- **Problem description**
Your answer must be an exact copy of the records below, with no pictures in it.

Available data: Begin

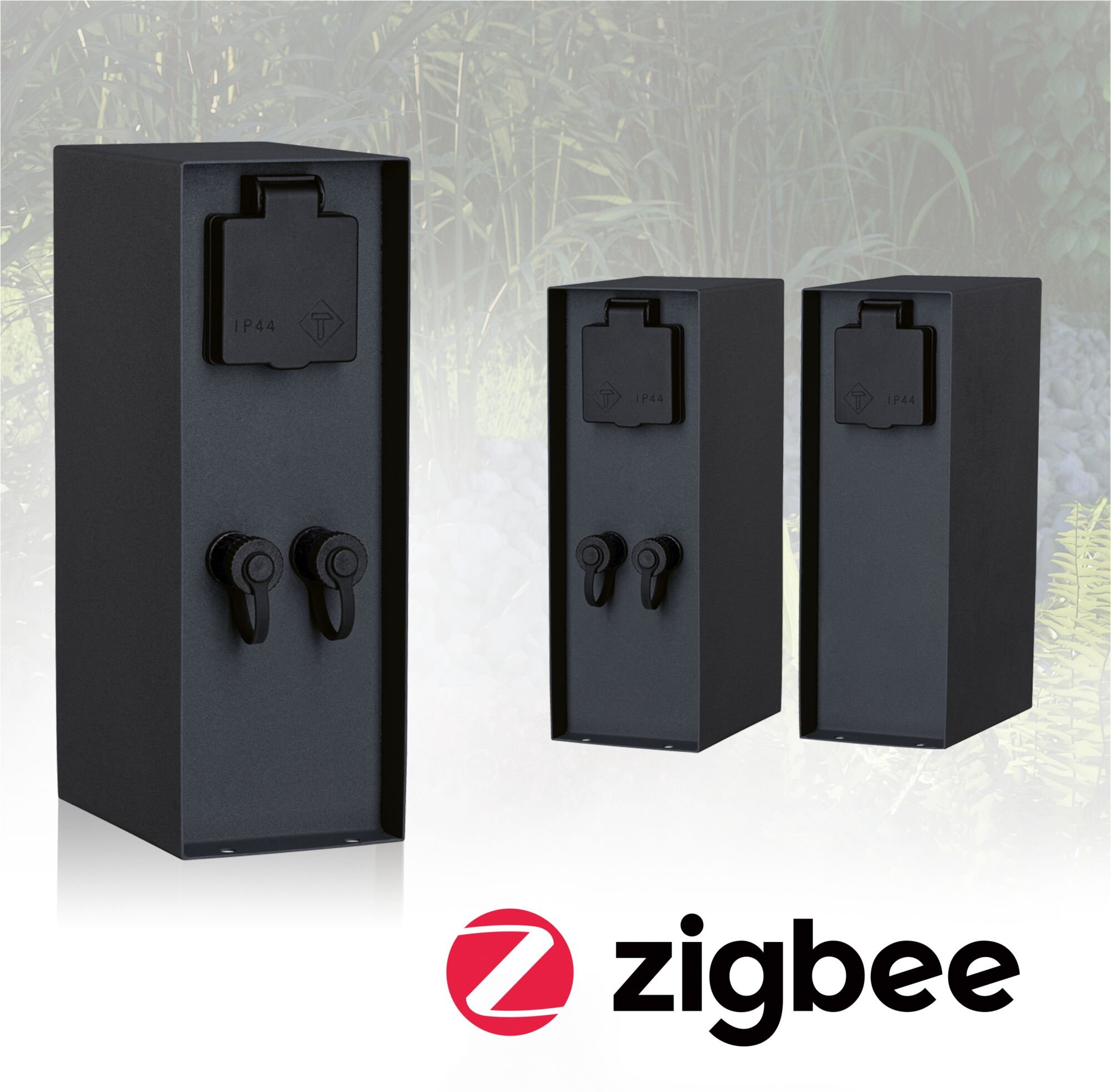 P 94915 Plug & Shine sloupek se zásuvkami Rio vč. trafa IP44 antracit - PAULMANN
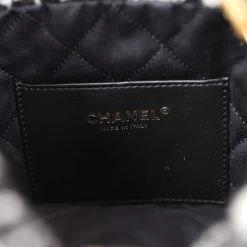 Chanel Mini 22 Bag Black And White Floral Tweed Gold Hardware -Online Bag Store C FN 231116 6 10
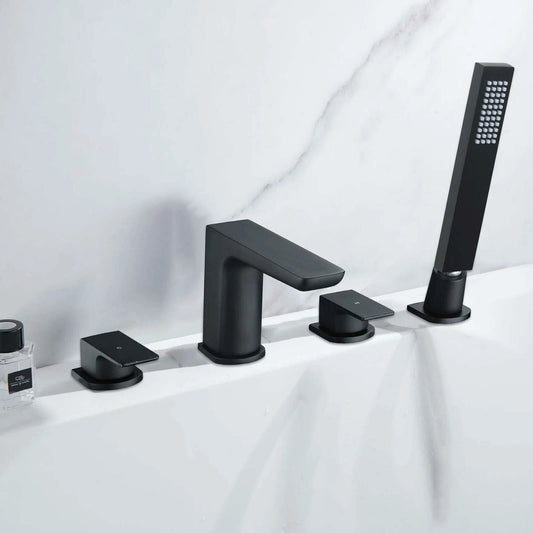 Prestige 4-Hole Deck Mounted Bath Shower Mixer – Matt Black Tap Set with Handheld Shower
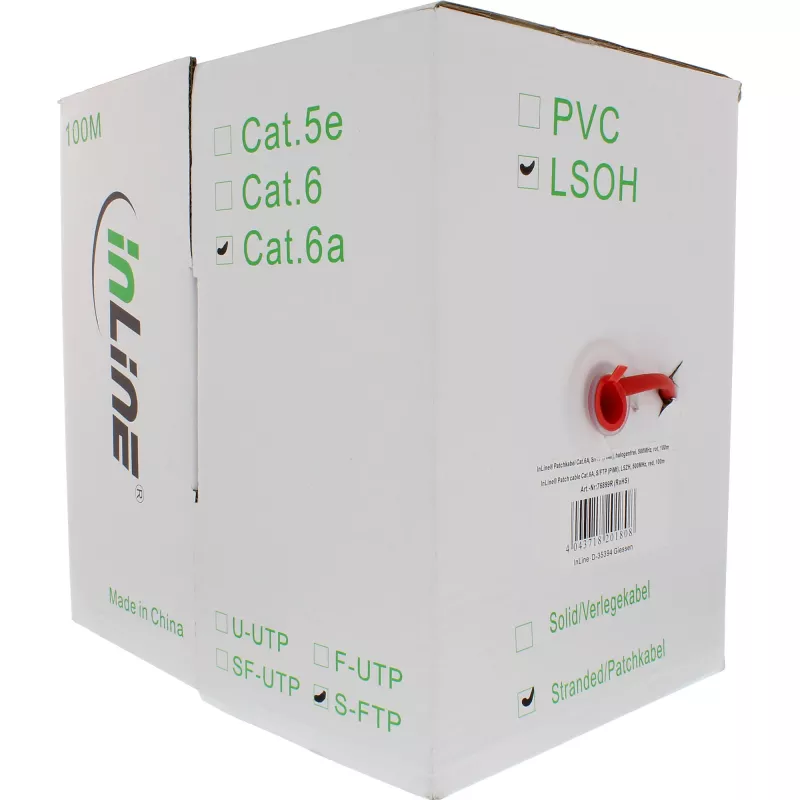 InLine patchkabel S/FTP PiMF Cat.6A halogeenvrij 500MHz rood 100m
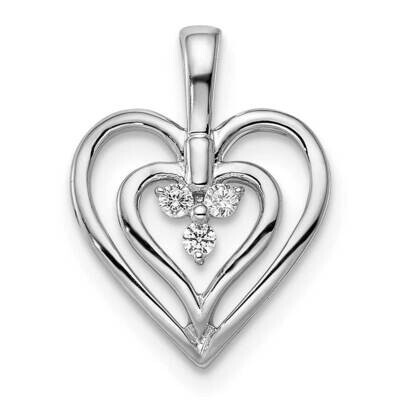 Heart Diamond Pendant 14k White Gold Polished PM8490-006-WA, MPN: PM8490-006-WA,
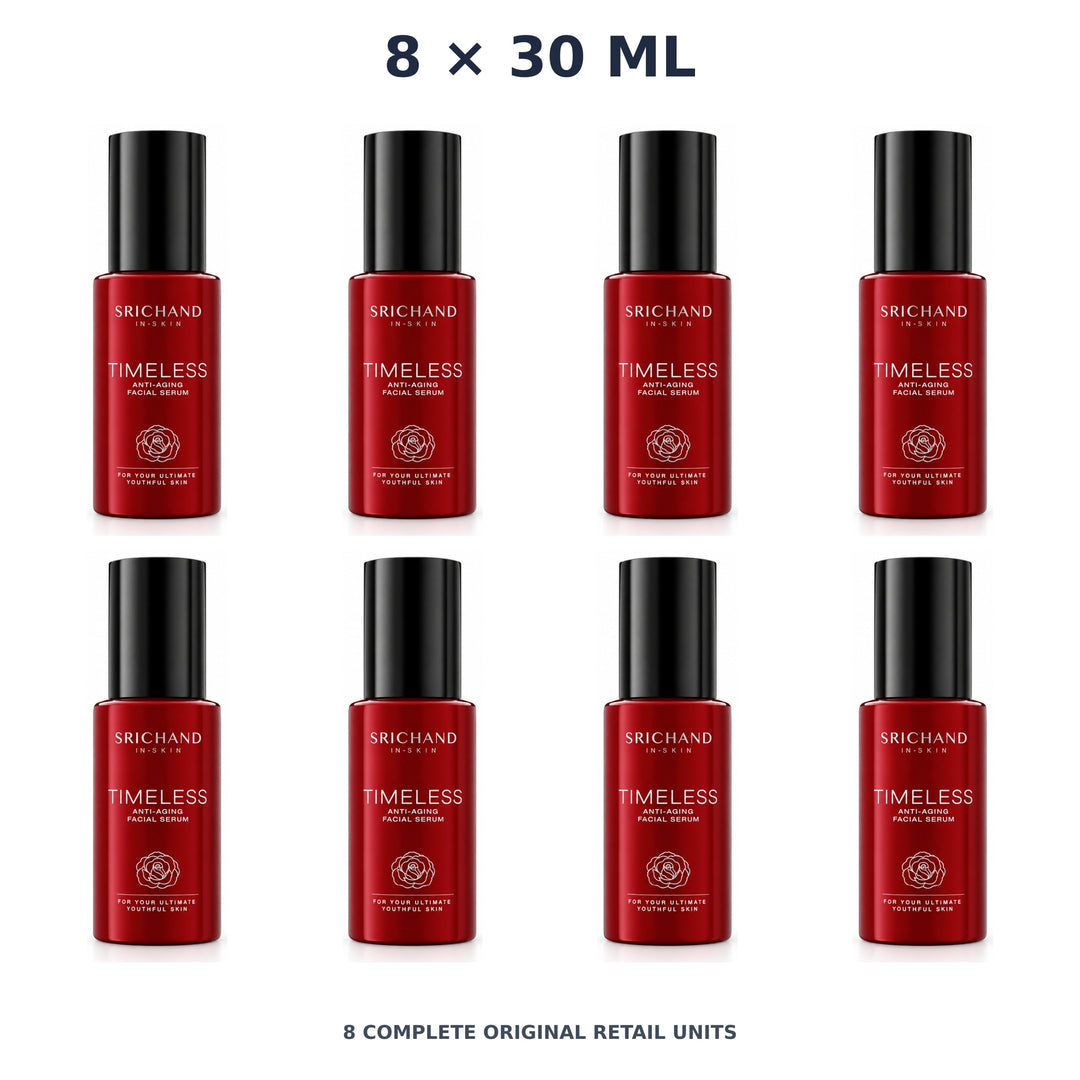 Srichand Timeless Anti-Aging Facial Serum 30ml – 8 × 30 ml — exact quantity shown on white background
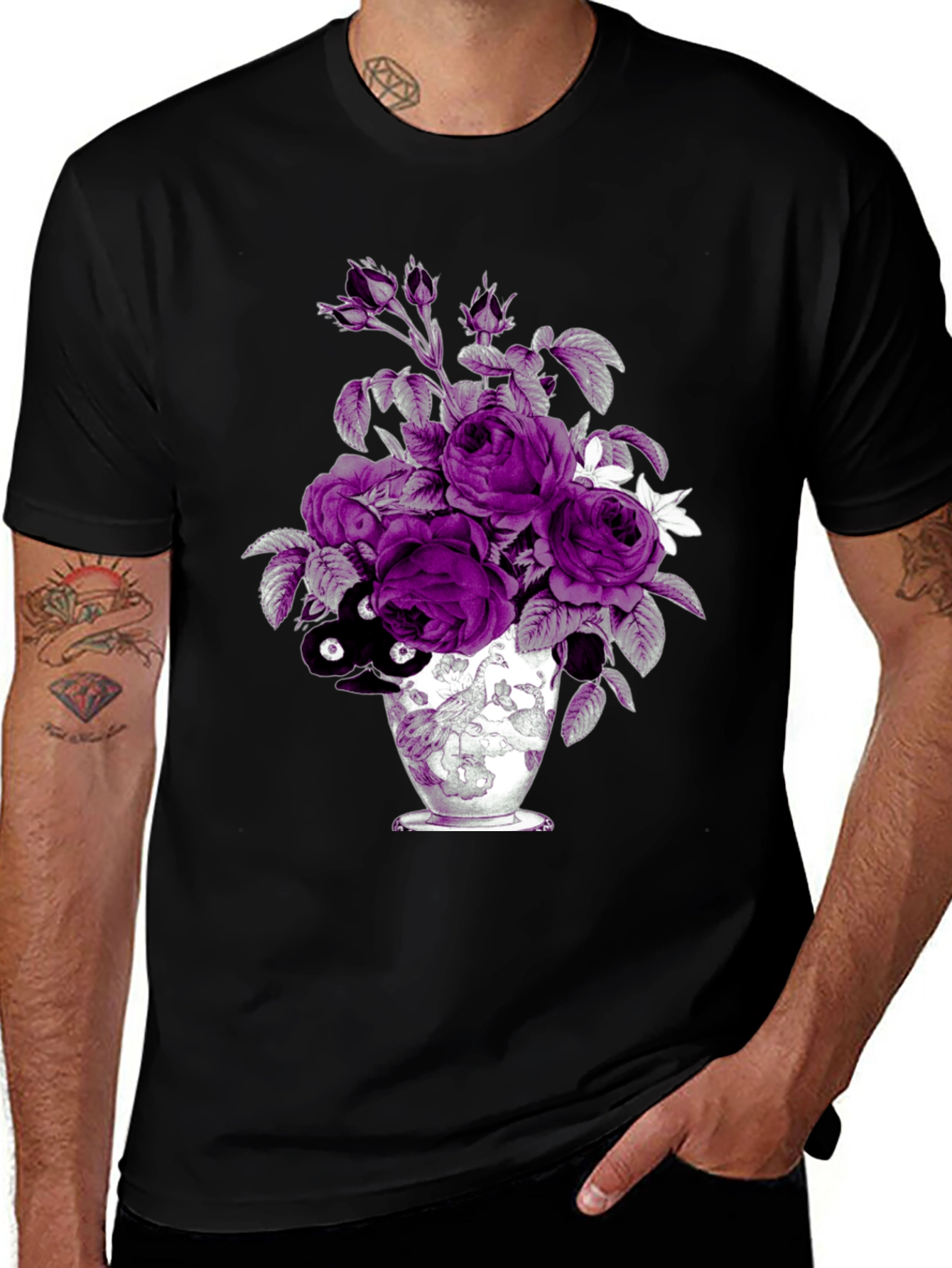 Variant 17 of Floral Vase Graphic Tee - Unique Design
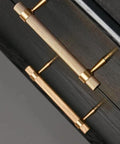 2 Pack Solid Brass Cabinet Pulls 5 Inch Hole Centers Gold Knurled Textured Bar Handles Installed on Dark Cabinets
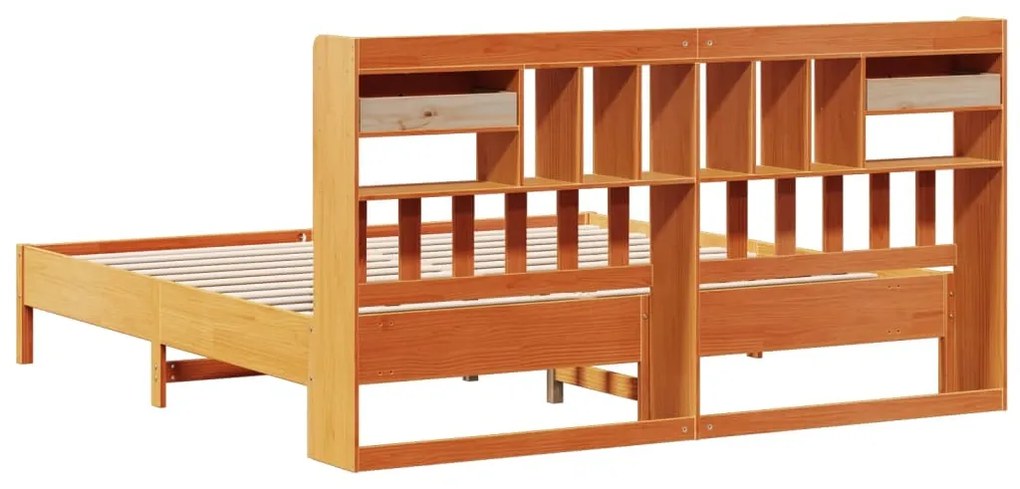 Cama com estante sem colchão 200x200 cm pinho maciço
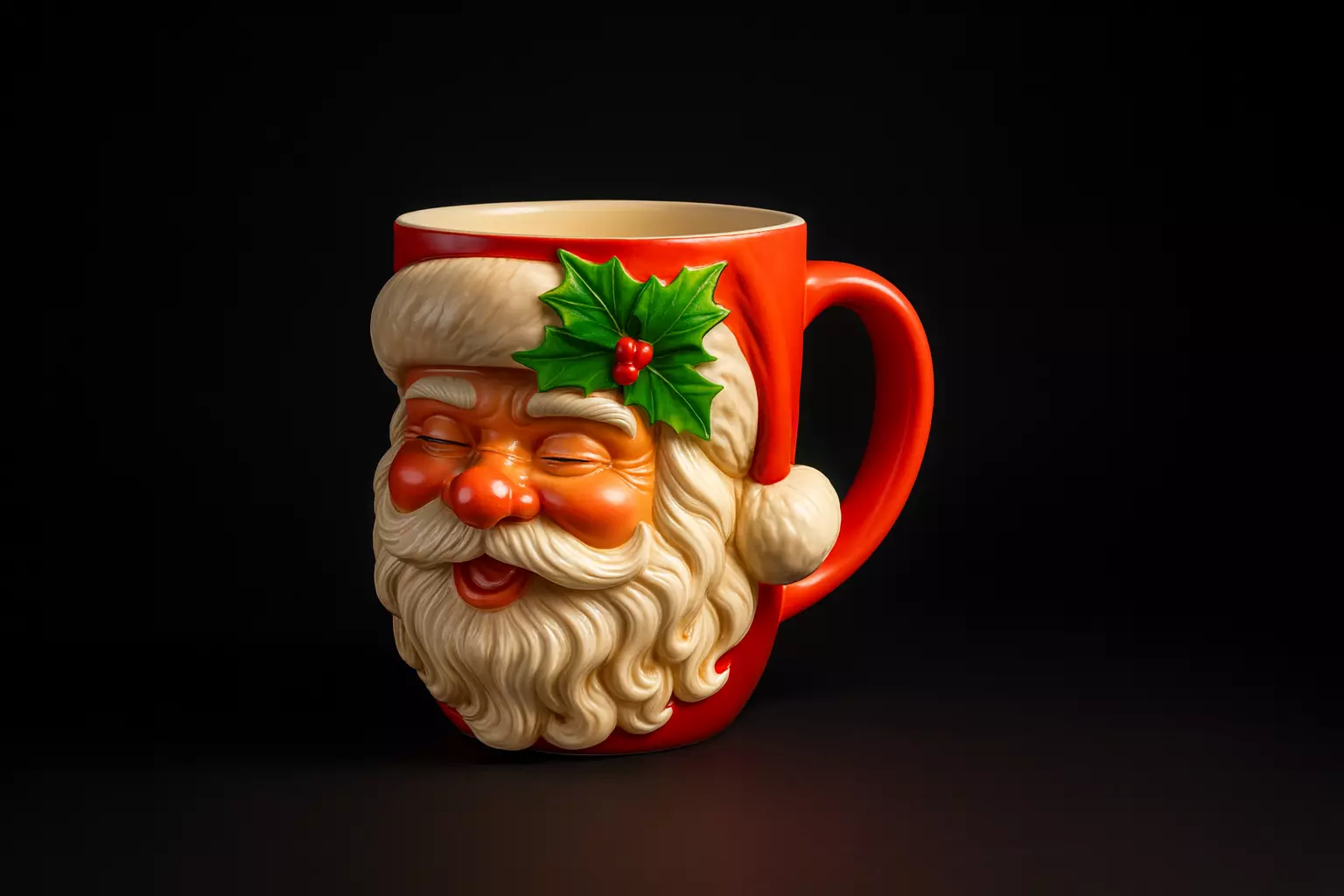 Festive Santa Face Mug Whimsical Christmas 3D print model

Available data: End

- **Response to this task**
 P 94915 Plug & Shine sloupek se zásuvkami Rio vč. trafa IP44 antracit - PAULMANN
 Chanel Mini 22 Bag Black And White Floral Tweed Gold Hardware -Online Bag Store C FN 231116 6 10
 Prestige 4-Hole Deck Mounted Bath Shower Mixer – Matt Black Tap Set with Handheld Shower
 InLine patchkabel S/FTP PiMF Cat.6A halogeenvrij 500MHz rood 100m
 Heart Diamond Pendant 14k White Gold Polished PM8490-006-WA, MPN: PM8490-006-WA,
 Srichand Timeless Anti-Aging Facial Serum 30ml – 8 × 30 ml — exact quantity shown on white background
 Variant 17 of Floral Vase Graphic Tee - Unique Design
 2 Pack Solid Brass Cabinet Pulls 5 Inch Hole Centers Gold Knurled Textured Bar Handles Installed on Dark Cabinets
 Cama com estante sem colchão 200x200 cm pinho maciço
 Festive Santa Face Mug Whimsical Christmas 3D print model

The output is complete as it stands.